The impact of district councils is gaining increasing recognition, not least from an impressive conference line-up of big-name politicians, local government leaders and key influencers, who recognised the integral role districts have in addressing the major challenges of house building, public health and adult social care, and the environment.
Indeed, this was highlighted by podium speaker Communities Secretary James Brokenshire MP, who said: “No-one is better placed to support a bright, positive future than district councils… District councils will be key to us delivering 300,000 homes a year, not just more homes, but better lives and stronger economies.”
The Minister is right. As the housing and planning authorities, districts are delivering the lion’s share of new homes, with almost 100,000 built last year and planning consents given even faster and in greater numbers than before.

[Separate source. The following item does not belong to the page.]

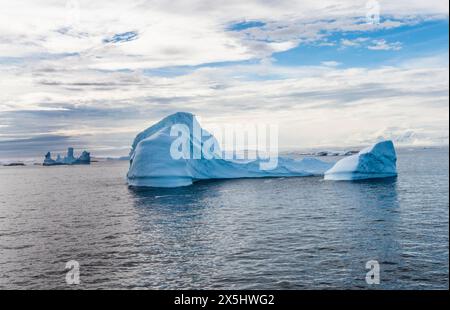 Passage français, Antarctique. Bel iceberg dans les eaux du passage français. Banque D'Images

There’s also the £675 million High Streets Fund, which in district/county areas, is only available to districts. To incentivise bids, Local Government Minister Rishi Sunak told delegates that districts “are best placed to bid for the fund and deliver these proposals” to spearhead the transformation of our high streets for a new generation.
“Amid uncertainty around Brexit, the importance of district councils, making that difference to people’s lives – day in, day out – has never been more important”

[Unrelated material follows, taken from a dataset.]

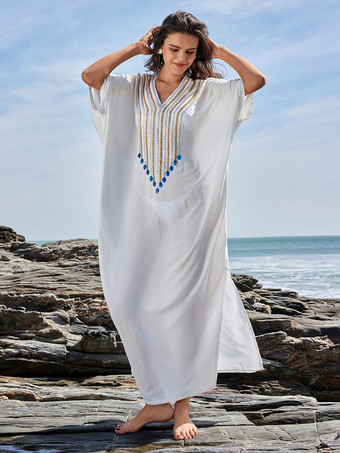 ホワイト 刺繍とサイドスリットが映えるホワイトのカバーアップカフタンドレス（2025年リゾートウェア）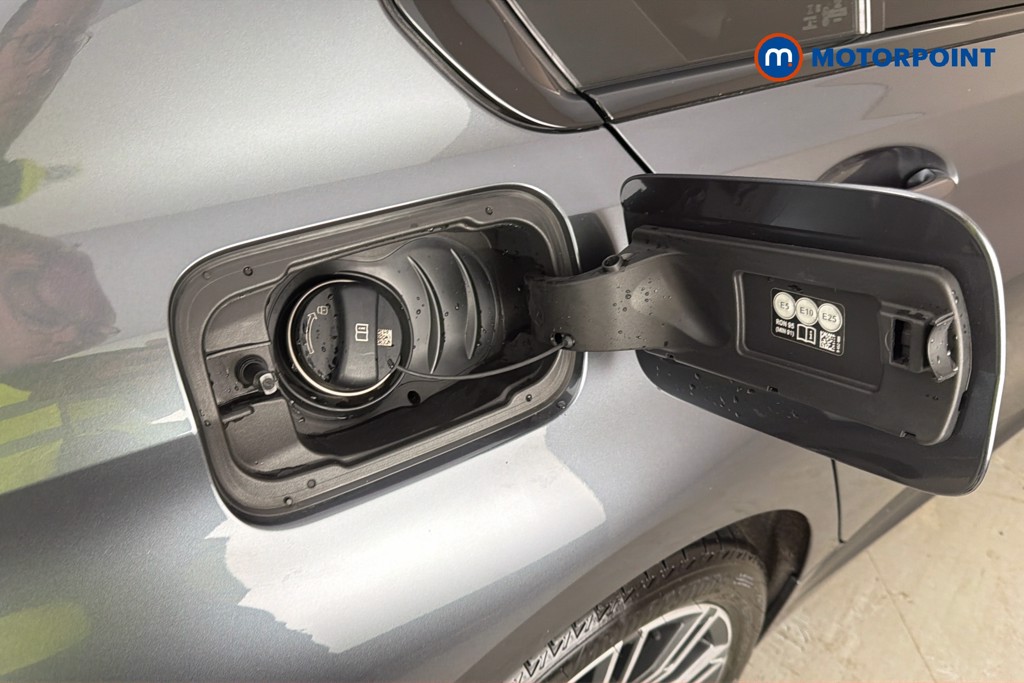 BMW 3 Series M Sport Automatic Petrol Plug-In Hybrid Saloon - Stock Number (1653102) - 41st supplementary image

We also mustn’t forget the landmark lifting of the Housing Revenue Account borrowing cap, to help councils manage housing markets better.
In a changing world and amid uncertainty around Brexit, the importance of district councils, making that difference to people’s lives – day in, day out – has never been more important.
This was highlighted in our conference report, ‘Shaping healthy places: exploring the district role in health’, published in collaboration with the LGA. It details innovative prevention initiatives by district councils to keep people fit and well and out of hospital, saving money for the public purse. Housing and health are linked, and we are the best people to deliver it.
By being able to operate at a size and scale that people understand and can relate to, districts are problem solvers rather than problem raisers. But district councils can do more with a fairer distribution of funding.
Of all councils types, districts have seen the biggest reduction in their spending power since 2015 and it’s now time that this is addressed. We need more funding and we need to reset the relationship between local government and the state.
The Spending Review needs to ensure that powerful incentives to build new homes are retained and that £500 million of the New Homes Bonus already earned by districts is paid as promised.
Communities Secretary James Brokenshire told delegates he will recommend housing growth is incentivised in the Spending Review, while Treasury Minister Liz Truss spoke of the need to reward local areas for new homes being built and “to give more freedom to local councils.”
These are encouraging assurances on vital issues which we will continue to lobby on to ensure Districts are empowered to deliver the difference to improve people’s lives.